(Last Updated on October 25, 2015 by Editor)
“We hear today [President Robert] Mugabe wants his wife to be the next president,” Mapfumo said, speaking from his home in Eugene, Oregon in the United States.
“That’s, I mean, does the United States know about that? Our people are crying every day; they are under bondage.
“America is supposed to be a democratic country, and they, when they — we take them as the people who actually fight for democracy all over the world — but they are… doing nothing in Zimbabwe.”
The man known around the world as the Lion of Zimbabwe and founder of Chimurenga music has fought for his home country’s freedom his entire life.
His music — a combination of traditional African sounds and Western pop played on both African and Western instruments — provided the soundtrack to the country’s struggle against British colonial rule in the 1970s and its eventual independence in 1980.
As the years passed, he began criticising the country’s new government, aghast at its civil rights violations and economic oppression.
In 2004, he exiled himself from Zimbabwe to Oregon; he now lives with his wife and children in Eugene and continues to spread his message of unity through his music.
But after countless shows in the U.S. with his longtime band, the Blacks Unlimited, Mapfumo is worried his impassioned pleas are falling on deaf ears.
“I don’t think [American audiences are] paying an ear about it.

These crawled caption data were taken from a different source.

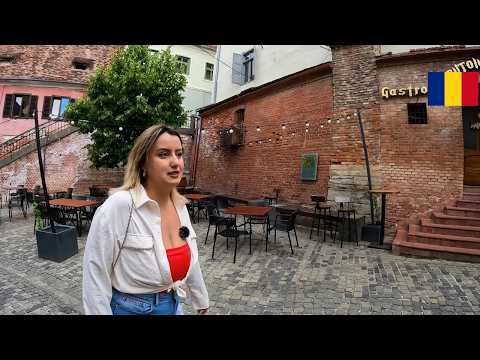 ACEASTA ESTE DESTINATIA ANULUI DIN ROMANIA | CAT COSTA SA TE CAZEZI AICI? | VLOG #61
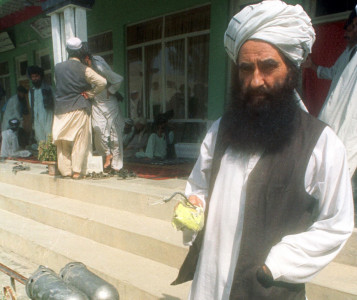 pakistan already cracking down on haqqani network government pakistan already cracking down on haqqani network government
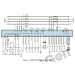 SmartGen HGM7110N Контролер генератора
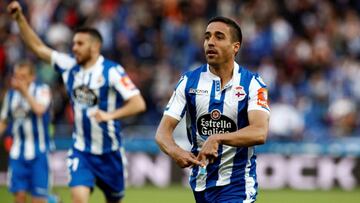 Deportivo - Málaga: TV, horario y cómo y dónde ver en directo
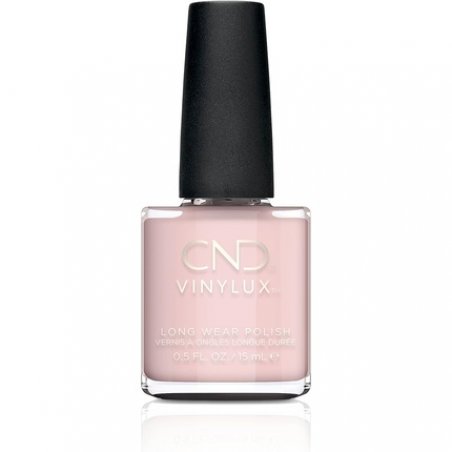 CND Vinylux Long Wear Nail Polish 15ml Nude Unlocked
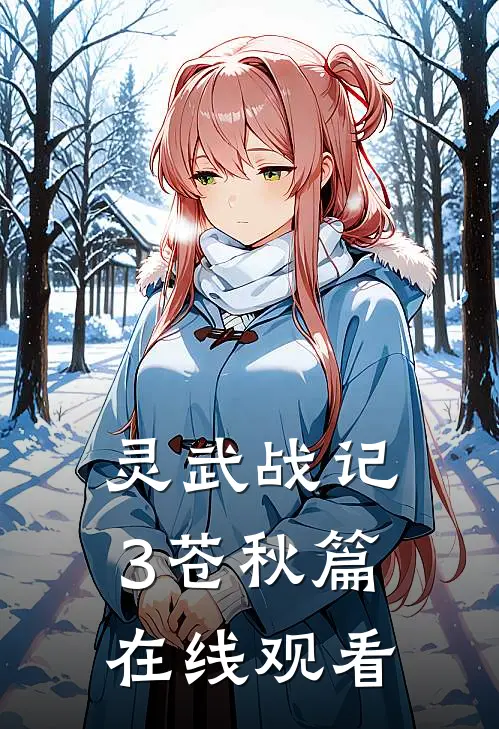 灵武战记3苍秋篇在线观看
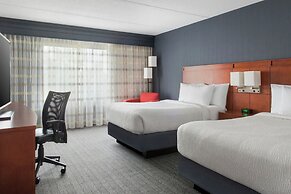 Courtyard by Marriott Buffalo Amherst/University
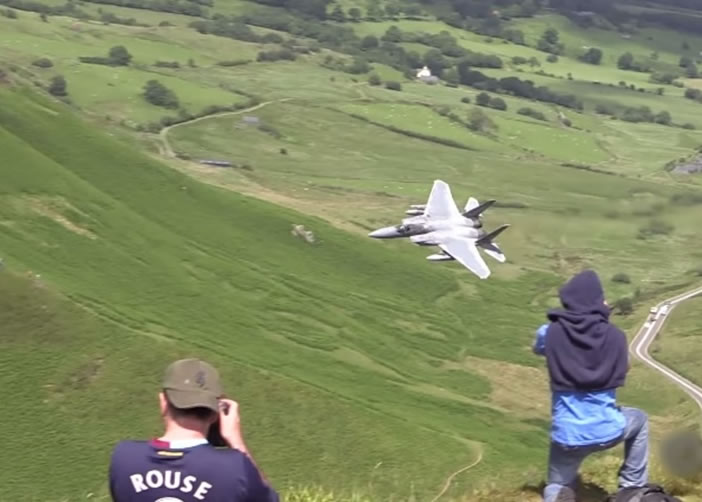 F-15�����ڵľ����൱�ӽ���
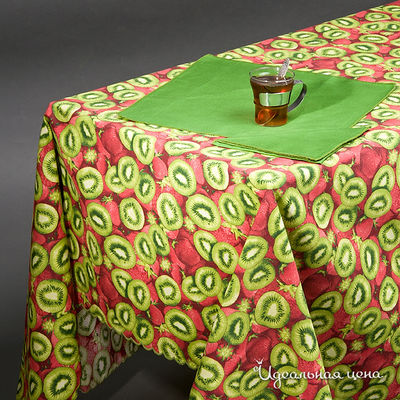 Скатерть VillaFlorence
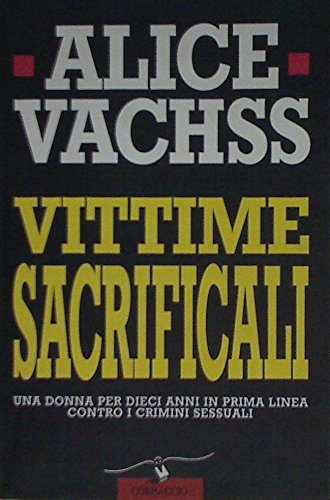 9788879720991: Vittime sacrificali (Varia)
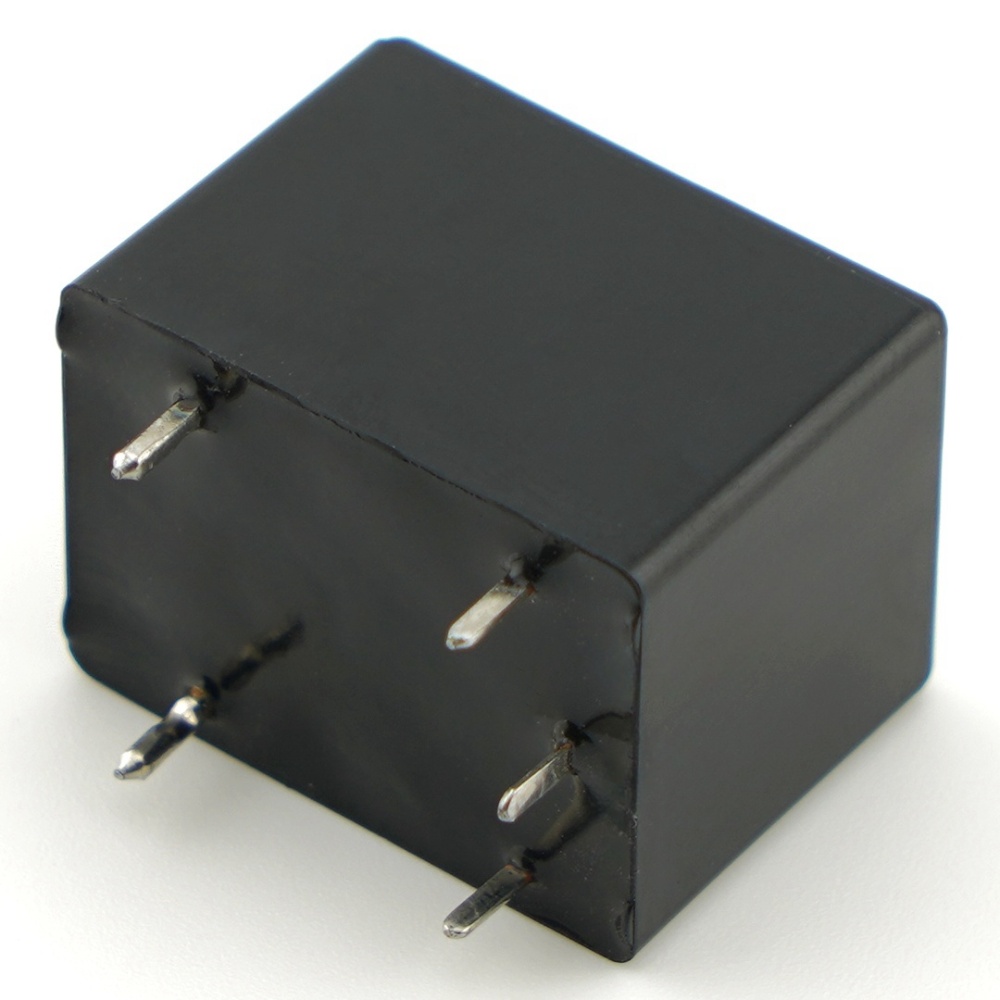 NEC MR 301-12H 3L3 Automotive Relay 12VDC 5Pins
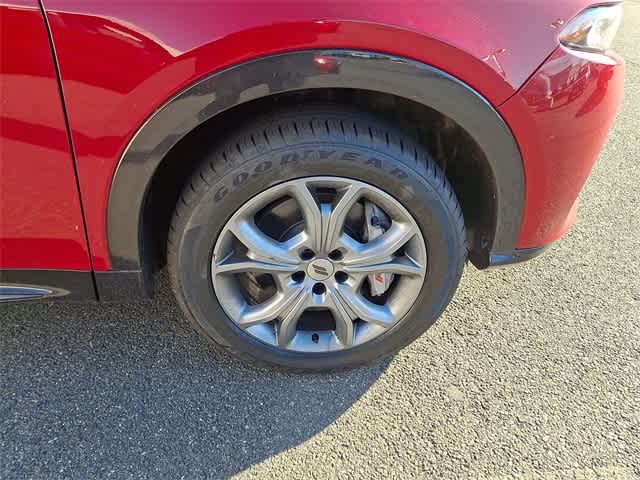 2024 Dodge Hornet R/T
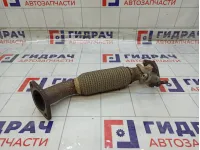 Приемная труба глушителя Kia Rio 28610H5100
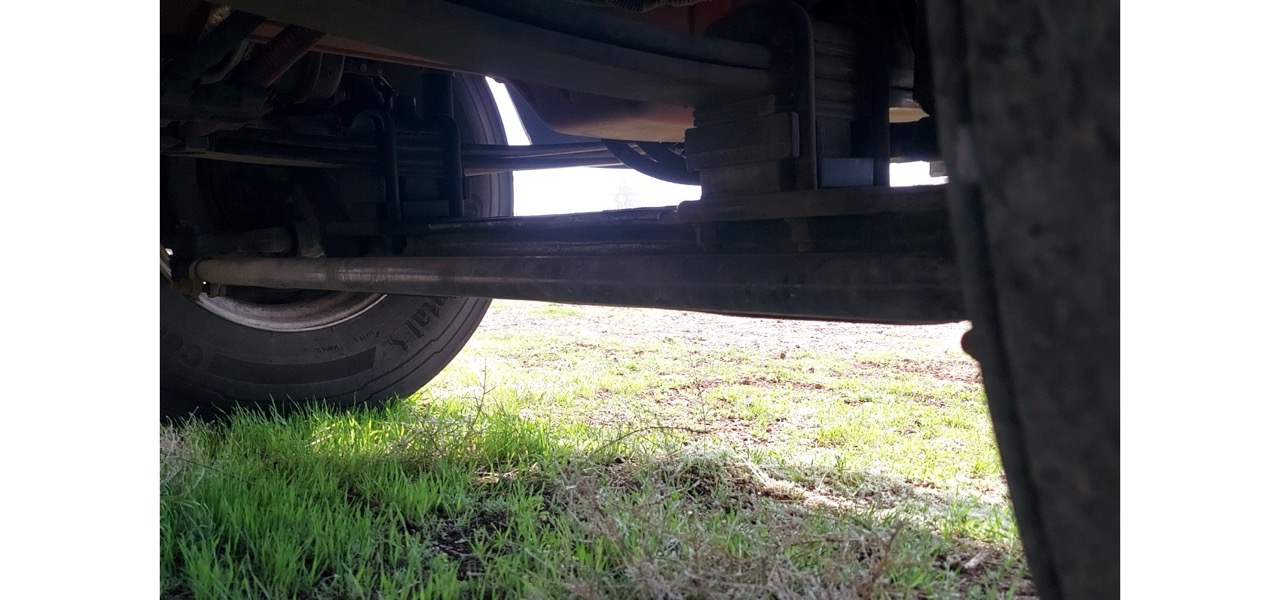 International 4300 SBA Box/Service Truck, 2018 - Image 23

If they were paying an ear to… the messages through my music, they would be doing something to help the Zimbabweans,” he said.
“Do you know, when we used to go to England to play for a mild racial audience, and mostly our audience were white.
“And today when we go to play music in England, it’s all about our people — you don’t see any white people now.
“A lot of [the Zimbabwean] people now are running away from home; they are refugees in England.
“A lot of people from Zimbabwe are living here in America now; they’re running away from those problems. And America doesn’t even notice that.”
Mapfumo isn’t about to give up his mission, though. “I stand with the poor people, and this is the reason why I’m not at home, back home, because I am against that government,” he said.
He perfomed in Oregon on Friday. After that, he’ll head back to Mozambique and South Africa for a tour at the end of November.
The tour could prove historic: Mapfumo and his band have plans to visit Zimbabwe for the first time in a decade.
Constant harassment from the Zimbabwean government put a halt to his visits to the country shortly after his move, but the time has come for his return, he said.
“When I go back there, my friend, it’s gonna be — well, I don’t know. It’s gonna be a very, very big day for people, especially for Zimbabweans,” Mapfumo said.
“They know who I am, they know I’m fighting against that government and I’m opposed to everything they are doing to our people.
“So last time when I went to Mozambique, a lot of them came across the border to come to Mozambique just to see my face and to listen to my music.
“I’ve never abandoned the poor people; they see me as their hero in some ways. Some even cried tears when they saw me in Mozambique.”
Mapfumo has carried on his work even in exile, continuing to release albums on a regular basis.
His most recent album, last year’s Danger Zone, coincided with a joint biography and career-spanning compilation album put together by longtime friend and bandmate Banning Eyre, Lion Songs: Thomas Mapfumo and the Music That Made Zimbabwe.
The biography recounts Mapfumo’s early years growing up in rural Marondera, Zimbabwe, under British colonial rule, where he absorbed the music and culture of his people.
By age 10, he was living in Mbare, where he got his first taste of Western music.
“I grew up in a country myself where there was no radio music, and my own parents were staying in the city and I was staying with my grandparents who were staying in the country,” Mapfumo said.
“My own parents relocated to the city, and the first time I started listening to radio music, I started listening to a lot of bigger names like Elvis Presley, Frank Sinatra and Nat King Cole, every one of them.
“I went through a lot of music — The Beatles, The Rolling Stones, Chicago Transit Authority, Blood, Sweat and Tears.”
As a teenager, he began playing these songs in groups such as the Hallelujah Chicken Band and Acid Band, but soon felt the urge to express his people’s struggles through his music.
He founded Blacks Unlimited in 1978, transposing the rhythms of the mbira, or thumb piano, on his guitar and creating Chimurenga (“struggle” in Shona).
“When I started writing Chimurenga, I was thinking of my own identity,” Mapfumo said.
“I wanted to identify my own self with my own people. When my people were fighting for their freedom in that country, that’s when I started seriously writing my own music, and I was supporting the struggle itself.”
The music’s revolutionary themes eventually landed Mapfumo in jail in 1979, after the colonial government deciphered the inflammatory messages in the Shona lyrics.
But he was released in time for the first free elections in Zimbabwe in 1980.
At the time he played a celebratory concert alongside reggae legend Bob Marley — an early and obvious influence on Mapfumo.